Introduction

Preparing for the end of the semester and beyond

Preparing for the end of the semester and beyond

The semester is almost over. If you’ve had a tough and difficult semester, you should take a moment to congratulate yourself for getting this far. School isn’t easy.

But, unless you are ready to graduate this semester and have already completed all your coursework, there is still more to do. I’ve decided to recap a few things that might be relevant.

1. Check (or double-check) your exam schedule.

I am sure almost everyone has done this by now. Still, it doesn’t hurt to check again. If you deferred your exam, you can find the new date and time here. If you have registered to write your exam with accommodations, you will receive an email the day before your exam is scheduled informing you when and where to report for your exam. If you have both deferred your exam and are writing it with accommodations, consult with Accessibility Services.

If you have not deferred your exam or have not registered to write your exam with accommodations but you would like to, the deadline for applying for these considerations has long passed. But, if you have a good reason for having missed the deadline or you have a truly pressing need for a deferral or accommodation, you can petition for late consideration, so you should go speak with your registrar right away.

2. Finish (or get an extension for) any outstanding work.

If you were unable to finish your any coursework or you simply enjoy the whooshing sound deadlines make as they go by, then this is the time to go speak with your prof about what you can do to make up that course work. Assignments may be accepted late or be re-weighted for you at your prof’s discretion. If you are registered with accessibility services, you can contact your disability counsellor, who can communicate with your prof regarding why you might need extensions or re-weighting. Otherwise, you should go speak to your registrar, who certainly would know more than I do about what you can do in the case that you need an extension or re-weighting.

Some profs will outline their policy for extensions on the syllabus for the course. If you are lucky enough to be explained the policy, you should try to follow it if you can.

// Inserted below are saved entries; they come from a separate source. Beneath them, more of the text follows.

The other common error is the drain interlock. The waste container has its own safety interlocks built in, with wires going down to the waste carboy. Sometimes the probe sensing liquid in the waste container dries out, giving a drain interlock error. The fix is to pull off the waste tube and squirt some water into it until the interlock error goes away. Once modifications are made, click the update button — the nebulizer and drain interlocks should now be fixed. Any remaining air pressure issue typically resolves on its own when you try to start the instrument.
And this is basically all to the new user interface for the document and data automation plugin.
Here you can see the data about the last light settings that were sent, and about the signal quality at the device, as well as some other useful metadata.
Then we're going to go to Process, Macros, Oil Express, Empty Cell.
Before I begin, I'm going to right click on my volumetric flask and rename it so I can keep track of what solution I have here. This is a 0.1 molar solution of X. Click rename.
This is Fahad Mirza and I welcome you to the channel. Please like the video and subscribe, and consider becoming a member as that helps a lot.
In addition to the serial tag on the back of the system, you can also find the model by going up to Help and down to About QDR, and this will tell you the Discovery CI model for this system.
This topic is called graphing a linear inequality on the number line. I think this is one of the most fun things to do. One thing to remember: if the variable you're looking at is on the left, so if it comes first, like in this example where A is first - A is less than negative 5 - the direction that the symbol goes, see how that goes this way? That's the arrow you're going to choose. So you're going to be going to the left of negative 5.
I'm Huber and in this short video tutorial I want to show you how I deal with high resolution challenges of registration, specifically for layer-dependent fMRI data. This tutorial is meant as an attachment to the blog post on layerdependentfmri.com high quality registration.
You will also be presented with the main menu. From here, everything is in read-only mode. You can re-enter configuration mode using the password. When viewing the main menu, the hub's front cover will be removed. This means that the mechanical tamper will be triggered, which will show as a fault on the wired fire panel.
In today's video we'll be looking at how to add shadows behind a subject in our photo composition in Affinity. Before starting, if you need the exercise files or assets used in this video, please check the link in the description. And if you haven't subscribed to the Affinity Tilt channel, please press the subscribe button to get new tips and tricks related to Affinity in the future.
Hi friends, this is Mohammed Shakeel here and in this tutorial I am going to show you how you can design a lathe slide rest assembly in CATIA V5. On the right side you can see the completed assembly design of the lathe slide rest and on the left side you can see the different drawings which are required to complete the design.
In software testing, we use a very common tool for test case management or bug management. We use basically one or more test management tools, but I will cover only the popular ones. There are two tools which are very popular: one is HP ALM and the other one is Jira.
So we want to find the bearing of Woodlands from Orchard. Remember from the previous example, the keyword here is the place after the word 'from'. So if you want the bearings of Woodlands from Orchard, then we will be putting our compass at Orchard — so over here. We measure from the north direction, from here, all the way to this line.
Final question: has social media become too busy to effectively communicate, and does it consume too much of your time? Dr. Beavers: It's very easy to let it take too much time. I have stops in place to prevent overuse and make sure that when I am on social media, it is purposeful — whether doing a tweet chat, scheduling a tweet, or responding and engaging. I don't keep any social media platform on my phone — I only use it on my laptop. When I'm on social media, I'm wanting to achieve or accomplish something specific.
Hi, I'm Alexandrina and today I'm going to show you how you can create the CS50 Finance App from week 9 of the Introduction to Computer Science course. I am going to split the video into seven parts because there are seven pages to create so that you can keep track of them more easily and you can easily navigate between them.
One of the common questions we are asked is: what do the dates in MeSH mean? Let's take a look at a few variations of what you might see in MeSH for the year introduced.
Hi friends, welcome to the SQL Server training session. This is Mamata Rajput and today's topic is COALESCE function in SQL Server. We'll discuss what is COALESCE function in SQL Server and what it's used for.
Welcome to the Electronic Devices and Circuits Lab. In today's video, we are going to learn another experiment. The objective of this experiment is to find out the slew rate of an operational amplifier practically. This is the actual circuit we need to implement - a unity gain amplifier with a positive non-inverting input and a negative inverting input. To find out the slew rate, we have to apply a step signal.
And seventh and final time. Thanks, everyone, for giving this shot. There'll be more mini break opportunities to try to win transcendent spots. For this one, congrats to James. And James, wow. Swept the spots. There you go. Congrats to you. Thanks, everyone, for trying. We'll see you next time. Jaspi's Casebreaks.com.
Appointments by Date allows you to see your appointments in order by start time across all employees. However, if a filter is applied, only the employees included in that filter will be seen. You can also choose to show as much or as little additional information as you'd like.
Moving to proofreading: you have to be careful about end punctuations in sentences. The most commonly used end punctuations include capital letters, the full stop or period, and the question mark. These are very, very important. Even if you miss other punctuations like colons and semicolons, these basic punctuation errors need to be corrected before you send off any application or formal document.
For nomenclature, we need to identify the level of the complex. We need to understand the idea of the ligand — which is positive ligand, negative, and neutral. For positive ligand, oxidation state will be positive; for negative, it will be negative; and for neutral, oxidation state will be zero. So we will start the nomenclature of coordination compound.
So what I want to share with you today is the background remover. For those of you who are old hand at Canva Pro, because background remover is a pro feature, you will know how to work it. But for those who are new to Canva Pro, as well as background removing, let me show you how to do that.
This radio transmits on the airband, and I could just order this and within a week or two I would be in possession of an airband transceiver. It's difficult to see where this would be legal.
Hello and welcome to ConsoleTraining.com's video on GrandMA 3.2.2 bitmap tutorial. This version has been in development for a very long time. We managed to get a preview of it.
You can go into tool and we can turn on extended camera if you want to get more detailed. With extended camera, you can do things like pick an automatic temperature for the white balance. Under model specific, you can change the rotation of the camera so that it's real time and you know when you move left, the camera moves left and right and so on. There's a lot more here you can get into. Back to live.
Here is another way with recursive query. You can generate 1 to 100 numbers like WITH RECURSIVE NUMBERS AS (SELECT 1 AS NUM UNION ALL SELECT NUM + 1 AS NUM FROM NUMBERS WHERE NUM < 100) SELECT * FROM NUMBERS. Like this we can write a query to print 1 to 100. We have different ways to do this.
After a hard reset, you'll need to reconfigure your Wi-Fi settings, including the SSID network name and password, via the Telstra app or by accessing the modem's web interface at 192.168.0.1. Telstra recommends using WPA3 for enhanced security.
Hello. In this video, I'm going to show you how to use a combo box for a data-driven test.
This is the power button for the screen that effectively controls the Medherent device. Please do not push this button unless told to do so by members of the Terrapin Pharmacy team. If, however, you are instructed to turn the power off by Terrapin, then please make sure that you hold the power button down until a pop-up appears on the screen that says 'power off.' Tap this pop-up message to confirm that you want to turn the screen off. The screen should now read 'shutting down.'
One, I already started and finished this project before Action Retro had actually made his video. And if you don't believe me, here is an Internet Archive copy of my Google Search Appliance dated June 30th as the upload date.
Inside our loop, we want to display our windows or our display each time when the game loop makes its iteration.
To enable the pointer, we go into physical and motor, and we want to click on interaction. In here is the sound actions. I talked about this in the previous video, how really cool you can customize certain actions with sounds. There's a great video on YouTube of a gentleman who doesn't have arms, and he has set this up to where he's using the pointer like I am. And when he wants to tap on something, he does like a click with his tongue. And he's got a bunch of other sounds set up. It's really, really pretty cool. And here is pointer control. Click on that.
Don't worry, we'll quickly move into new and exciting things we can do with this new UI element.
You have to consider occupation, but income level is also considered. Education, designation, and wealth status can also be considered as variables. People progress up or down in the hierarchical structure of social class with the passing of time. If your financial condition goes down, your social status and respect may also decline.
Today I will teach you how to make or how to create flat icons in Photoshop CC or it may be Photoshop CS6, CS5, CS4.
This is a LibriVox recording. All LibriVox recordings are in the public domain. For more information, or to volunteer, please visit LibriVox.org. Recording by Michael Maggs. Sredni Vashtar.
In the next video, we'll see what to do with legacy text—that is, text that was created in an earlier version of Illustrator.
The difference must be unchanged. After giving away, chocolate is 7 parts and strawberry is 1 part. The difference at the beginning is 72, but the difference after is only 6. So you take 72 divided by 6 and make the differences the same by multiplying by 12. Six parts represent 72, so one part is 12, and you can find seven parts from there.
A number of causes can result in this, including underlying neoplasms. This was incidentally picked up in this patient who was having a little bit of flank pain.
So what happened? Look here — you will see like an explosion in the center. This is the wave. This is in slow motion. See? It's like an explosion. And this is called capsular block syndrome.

3. Plan out your studying.

Ideally, studying is a semester-long process of deep understanding and thorough competence of the material you are learning. In practice, studying is much more mundane. Depending on how well you have prepared beforehand, the study period between the end of classes and your exams will range anywhere from a desperate last-ditch attempt to stuff relevant facts in your brain, in the place where phone numbers used to be, to a final refresher on key concepts. Either way, you should look at your schedule and try to divide up your time in a way that will allow you to study well over the next couple of weeks. Here’s a helpful tool to create a five-day study plan.

4. Take a break.

I don’t even want to justify this: Too much school can burn you out. Use the time you have to reconnect with friends and loved ones.

5. Prepare for next semester.

Classes start again on the 5th of January, and they don’t relent until Reading Week in February. Go over your Winter Timetable again. Make sure you want to be in the classes you are in. If you find yourself still on a long waitlist, now may be the time to consider what course you will take instead. Research the texts you will need for your courses. If they are available at a U of T library, go check them out and see what they are like. You may also be able to find them at a great price through a third-party.¬†Knowing is half the battle, so don’t wait until January the 5th to stumble through the first few days of classes.

That’s all I have to say on that. Hopefully your next semester goes as well or better than ever before!